PROVIDED DATA below:

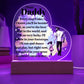 Dear Daddy | From your Daughter | Heart Acrylic Plaque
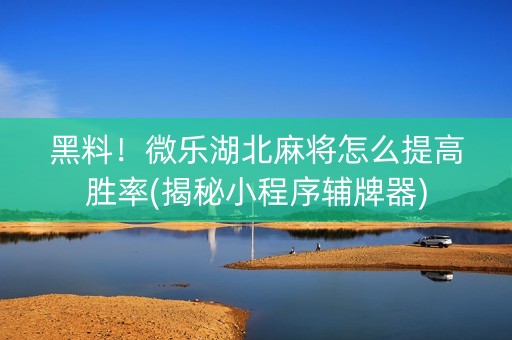 黑料！微乐湖北麻将怎么提高胜率(揭秘小程序辅牌器)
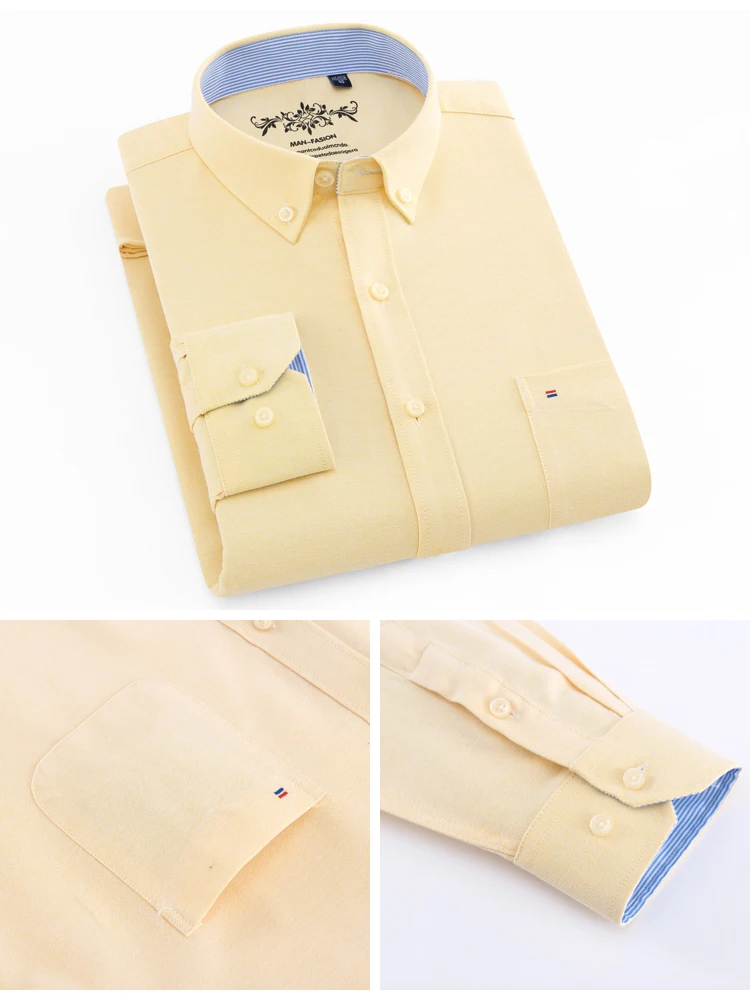 Men's Long Sleeve Oxford Shirt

End of PROVIDED DATA.

[WHAT THIS TASK INVOLVES]: The whole listing should be reproduced exactly. Images don't go in.

[SOLUTION TO THE EXERCISE]:
 Dear Daddy | From your Daughter | Heart Acrylic Plaque
 黑料！微乐湖北麻将怎么提高胜率(揭秘小程序辅牌器)
 Men's Long Sleeve Oxford Shirt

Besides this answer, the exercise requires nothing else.